The proliferation of eateries, boutiques and the like have changed the market landscape and, hence, the backdrop of the dance program.

“The festival has changed a lot since it started out, because of the way the shuk has developed, and we relate to that as a very fruitful platform for us to work off,” Schechter says.

It is also a quintessential Jerusalem event.

“I was born and grew up in this city, and set out to express the amazing human cultural mosaic, and the history of the place, through dance,” the artistic director continues. “We take this specific urban element, called the shuk, with all its complexities and layers, and we add the culture of the human body to all of that – the very Israeli Jerusalemite concept of the body, how to impart ideas through the body, within the specific urban domain which has become a theater, which becomes life.”

Since he returned from extended sojourns in Belgium and New York, where he furthered his professional education, Schechter has set out to tell the ever-evolving story of Jerusalem through the c.a.t.a.m.o.n. Dance Group he established in the city on his return.

The dance company’s credo references “dance functions as a cultural mediator, as it facilitates nonverbal encounters and shared experiences. By doing so, social change can be motivated and different communities can meet. Movement artists have a sensitive ability to connect and bridge gaps of communication.”

LIFE IS, of course, a manifold business, and that diversity is reflected in the programmatic layout.

There are a couple of premieres on the roster, including “Grey Area” by Jerusalem-bred dancer and choreographer Sophia Krantz, which will be performed in the century-plus old Alliance House, near the shuk.

The creation feeds off contemporary vibes as four women cope with the fallout of quarantine, whereby there is precious little room for cloistered physical maneuver.

Krantz poses such highly pertinent questions as “Does an action exist if it isn’t presented publicly? Is it worth anything without a post on social media?”

The other debut showing at Alliance House features a rarity in these parts, an actual offshore artist doing his thing here, rather than having it transmitted across digital platforms.

Montreal-based dancer, actor, movement teacher and choreographer Jason Martin will present “A Plea for Impermanence,” which is described as “a multidisciplinary solo performance focusing on cycles of transformation, metamorphosis and renewal.”
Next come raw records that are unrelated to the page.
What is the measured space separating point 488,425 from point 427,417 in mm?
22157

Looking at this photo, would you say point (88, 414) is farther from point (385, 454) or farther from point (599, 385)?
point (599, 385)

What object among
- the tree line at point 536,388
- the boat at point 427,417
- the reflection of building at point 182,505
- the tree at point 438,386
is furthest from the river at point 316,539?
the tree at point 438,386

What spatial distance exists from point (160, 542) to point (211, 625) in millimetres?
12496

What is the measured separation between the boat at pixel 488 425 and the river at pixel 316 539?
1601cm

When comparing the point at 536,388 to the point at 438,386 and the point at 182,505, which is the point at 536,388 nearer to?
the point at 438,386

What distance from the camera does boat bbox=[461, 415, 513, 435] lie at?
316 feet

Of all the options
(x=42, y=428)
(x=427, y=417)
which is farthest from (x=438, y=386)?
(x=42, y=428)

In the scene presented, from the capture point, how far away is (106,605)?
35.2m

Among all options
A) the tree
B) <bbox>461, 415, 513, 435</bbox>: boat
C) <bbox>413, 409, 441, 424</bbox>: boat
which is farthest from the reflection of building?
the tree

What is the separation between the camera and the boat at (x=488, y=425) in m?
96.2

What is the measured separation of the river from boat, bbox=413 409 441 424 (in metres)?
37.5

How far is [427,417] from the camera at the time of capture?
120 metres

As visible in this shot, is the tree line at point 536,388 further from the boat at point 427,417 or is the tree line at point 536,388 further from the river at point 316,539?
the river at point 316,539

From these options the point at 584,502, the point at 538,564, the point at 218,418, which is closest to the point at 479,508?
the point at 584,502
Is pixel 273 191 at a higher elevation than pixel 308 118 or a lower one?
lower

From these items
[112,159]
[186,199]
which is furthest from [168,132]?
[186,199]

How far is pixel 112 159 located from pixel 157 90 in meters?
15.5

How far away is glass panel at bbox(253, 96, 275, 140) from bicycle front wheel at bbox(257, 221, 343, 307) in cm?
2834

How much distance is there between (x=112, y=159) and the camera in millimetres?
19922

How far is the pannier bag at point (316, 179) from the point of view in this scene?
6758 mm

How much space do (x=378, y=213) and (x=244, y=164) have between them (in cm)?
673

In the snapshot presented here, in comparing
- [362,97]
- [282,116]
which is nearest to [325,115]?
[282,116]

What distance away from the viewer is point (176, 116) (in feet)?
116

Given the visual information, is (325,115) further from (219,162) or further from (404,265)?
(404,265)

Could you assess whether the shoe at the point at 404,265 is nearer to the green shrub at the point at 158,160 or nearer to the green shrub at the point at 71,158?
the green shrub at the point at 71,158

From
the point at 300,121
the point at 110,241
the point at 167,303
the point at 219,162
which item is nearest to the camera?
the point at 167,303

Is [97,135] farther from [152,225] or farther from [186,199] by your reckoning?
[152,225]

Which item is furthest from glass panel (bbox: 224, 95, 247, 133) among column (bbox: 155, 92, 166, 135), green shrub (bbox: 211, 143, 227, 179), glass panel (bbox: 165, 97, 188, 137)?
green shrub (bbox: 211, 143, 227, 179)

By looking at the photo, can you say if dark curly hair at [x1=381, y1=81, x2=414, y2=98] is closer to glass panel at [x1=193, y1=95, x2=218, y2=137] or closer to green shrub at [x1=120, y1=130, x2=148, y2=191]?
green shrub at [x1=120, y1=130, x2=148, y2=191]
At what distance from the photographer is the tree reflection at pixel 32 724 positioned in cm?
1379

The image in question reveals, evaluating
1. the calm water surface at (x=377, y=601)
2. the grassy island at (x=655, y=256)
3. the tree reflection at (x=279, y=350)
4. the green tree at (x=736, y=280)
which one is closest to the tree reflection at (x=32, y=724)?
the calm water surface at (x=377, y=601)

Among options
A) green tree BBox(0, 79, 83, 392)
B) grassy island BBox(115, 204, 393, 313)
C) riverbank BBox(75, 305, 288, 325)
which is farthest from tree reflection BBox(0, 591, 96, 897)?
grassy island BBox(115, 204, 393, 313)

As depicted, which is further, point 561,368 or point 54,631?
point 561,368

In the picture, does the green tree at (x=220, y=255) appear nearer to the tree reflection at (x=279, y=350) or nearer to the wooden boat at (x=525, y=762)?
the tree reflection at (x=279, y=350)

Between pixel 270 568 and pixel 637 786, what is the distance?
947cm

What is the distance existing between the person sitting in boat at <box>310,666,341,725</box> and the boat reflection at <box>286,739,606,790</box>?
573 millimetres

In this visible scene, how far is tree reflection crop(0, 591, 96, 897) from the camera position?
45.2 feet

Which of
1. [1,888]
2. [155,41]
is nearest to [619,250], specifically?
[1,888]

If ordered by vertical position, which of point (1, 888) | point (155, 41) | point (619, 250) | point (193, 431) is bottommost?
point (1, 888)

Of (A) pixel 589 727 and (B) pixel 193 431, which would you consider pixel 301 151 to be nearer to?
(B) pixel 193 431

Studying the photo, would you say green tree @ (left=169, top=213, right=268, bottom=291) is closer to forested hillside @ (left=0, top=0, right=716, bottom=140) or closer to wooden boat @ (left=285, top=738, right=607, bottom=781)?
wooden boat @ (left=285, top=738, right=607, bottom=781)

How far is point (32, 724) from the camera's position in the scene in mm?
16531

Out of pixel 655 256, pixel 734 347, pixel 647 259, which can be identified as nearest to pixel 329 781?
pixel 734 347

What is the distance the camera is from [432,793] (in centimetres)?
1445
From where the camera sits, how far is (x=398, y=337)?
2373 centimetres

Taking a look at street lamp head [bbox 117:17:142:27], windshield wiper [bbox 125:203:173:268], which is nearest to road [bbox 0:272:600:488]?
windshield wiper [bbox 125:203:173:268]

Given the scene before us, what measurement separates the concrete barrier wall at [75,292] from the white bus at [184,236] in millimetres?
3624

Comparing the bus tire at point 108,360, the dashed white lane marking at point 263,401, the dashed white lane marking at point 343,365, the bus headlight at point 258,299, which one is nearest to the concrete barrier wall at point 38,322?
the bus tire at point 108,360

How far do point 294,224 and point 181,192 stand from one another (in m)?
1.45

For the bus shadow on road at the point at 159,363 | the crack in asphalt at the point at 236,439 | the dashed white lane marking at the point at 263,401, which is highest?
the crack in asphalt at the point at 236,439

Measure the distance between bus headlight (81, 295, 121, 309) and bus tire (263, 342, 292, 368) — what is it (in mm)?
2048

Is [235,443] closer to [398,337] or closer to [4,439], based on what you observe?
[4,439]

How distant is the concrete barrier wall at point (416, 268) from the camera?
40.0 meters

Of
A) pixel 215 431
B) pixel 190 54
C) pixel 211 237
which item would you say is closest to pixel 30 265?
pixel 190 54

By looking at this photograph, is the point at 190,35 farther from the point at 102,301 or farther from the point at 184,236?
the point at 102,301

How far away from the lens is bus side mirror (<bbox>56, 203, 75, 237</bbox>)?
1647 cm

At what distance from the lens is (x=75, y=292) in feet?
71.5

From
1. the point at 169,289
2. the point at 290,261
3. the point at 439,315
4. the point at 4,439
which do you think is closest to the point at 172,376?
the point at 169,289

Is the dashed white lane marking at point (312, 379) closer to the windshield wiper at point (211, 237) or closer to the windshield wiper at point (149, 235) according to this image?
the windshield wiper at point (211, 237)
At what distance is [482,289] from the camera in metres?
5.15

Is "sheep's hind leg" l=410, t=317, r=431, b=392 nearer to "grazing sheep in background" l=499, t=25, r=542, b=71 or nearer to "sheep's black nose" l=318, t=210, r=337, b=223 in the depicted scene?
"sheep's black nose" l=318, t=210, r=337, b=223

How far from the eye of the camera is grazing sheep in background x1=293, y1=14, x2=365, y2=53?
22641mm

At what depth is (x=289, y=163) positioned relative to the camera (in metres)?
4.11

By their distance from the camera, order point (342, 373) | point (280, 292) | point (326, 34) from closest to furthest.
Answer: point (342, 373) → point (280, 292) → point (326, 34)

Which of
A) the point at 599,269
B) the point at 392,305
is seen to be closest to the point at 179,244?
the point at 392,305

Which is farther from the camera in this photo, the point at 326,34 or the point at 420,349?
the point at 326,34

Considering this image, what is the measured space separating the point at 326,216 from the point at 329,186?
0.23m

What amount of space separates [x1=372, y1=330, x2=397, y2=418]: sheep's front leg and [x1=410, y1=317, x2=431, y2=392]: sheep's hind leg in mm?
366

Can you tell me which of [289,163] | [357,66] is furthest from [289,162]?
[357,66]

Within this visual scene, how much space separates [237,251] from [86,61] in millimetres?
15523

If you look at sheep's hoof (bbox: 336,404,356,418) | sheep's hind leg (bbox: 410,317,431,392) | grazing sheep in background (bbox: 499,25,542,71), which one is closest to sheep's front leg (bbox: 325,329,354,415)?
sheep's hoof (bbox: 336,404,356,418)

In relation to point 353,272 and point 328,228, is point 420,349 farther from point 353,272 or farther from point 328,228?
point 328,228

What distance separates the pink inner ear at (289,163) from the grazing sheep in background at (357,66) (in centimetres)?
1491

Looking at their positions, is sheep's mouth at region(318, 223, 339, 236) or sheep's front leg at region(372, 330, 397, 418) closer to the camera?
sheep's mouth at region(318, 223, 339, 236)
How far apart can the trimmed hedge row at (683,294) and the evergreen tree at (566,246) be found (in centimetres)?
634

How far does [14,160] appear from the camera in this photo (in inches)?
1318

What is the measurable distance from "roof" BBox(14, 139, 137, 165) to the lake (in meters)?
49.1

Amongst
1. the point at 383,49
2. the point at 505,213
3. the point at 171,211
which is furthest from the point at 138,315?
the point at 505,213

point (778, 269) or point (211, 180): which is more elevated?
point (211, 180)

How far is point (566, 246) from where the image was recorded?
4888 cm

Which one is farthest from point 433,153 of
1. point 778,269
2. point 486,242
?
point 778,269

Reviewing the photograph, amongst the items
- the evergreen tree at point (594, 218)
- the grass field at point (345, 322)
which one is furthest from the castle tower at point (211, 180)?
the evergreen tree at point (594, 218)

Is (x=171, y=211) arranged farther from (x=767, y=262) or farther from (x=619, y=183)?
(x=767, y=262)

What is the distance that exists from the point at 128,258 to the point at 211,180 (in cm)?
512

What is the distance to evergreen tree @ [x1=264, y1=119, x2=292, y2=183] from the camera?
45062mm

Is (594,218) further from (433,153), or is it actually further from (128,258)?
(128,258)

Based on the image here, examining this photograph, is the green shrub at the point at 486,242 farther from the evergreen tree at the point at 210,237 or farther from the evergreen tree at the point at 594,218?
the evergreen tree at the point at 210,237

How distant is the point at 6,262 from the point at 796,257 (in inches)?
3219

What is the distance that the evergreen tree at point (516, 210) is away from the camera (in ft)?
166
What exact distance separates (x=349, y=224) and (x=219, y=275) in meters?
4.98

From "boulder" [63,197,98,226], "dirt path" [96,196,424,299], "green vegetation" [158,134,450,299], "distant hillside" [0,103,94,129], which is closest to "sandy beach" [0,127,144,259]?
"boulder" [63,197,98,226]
And if that doesn’t quite catch the attention, the work also revolves around “the capacity of resilience and adaptation of the human condition regarding the body, matter and ecology.”

Another festival slot that should grab the milling Jerusalem public is “Meet Me in the Market” by Canadian-born Tel Aviv-based choreographer-dancer and Jerusalem Post writer Ori J. Lenkinski.

The peripatetic work reprises the groundbreaking 1962 American TV broadcast when then-first lady Jackie Kennedy invited the world into the newly renovated White House. It is said that, in so doing, Kennedy refashioned socially acceptable ideas of “the perfect woman,” embodying a finely balanced admix of fragility, vulnerability and strength.

Almost 60 years on, Lenkinski invites the public for “a presidential romp in the Mahane Yehuda market, which [like Kennedy] is rich in history, secrets and life.”

And, incredibly, there is another import in the program. Franco-Swiss dancer and choreographer Edouard Hue will present his intriguing and highly topical “Forward,” in which he investigates ways to evolve through a morass of obstacles. Sadly, that sounds all too relevant these days.

What better place to present such a definitively Jerusalemite event than the shuk?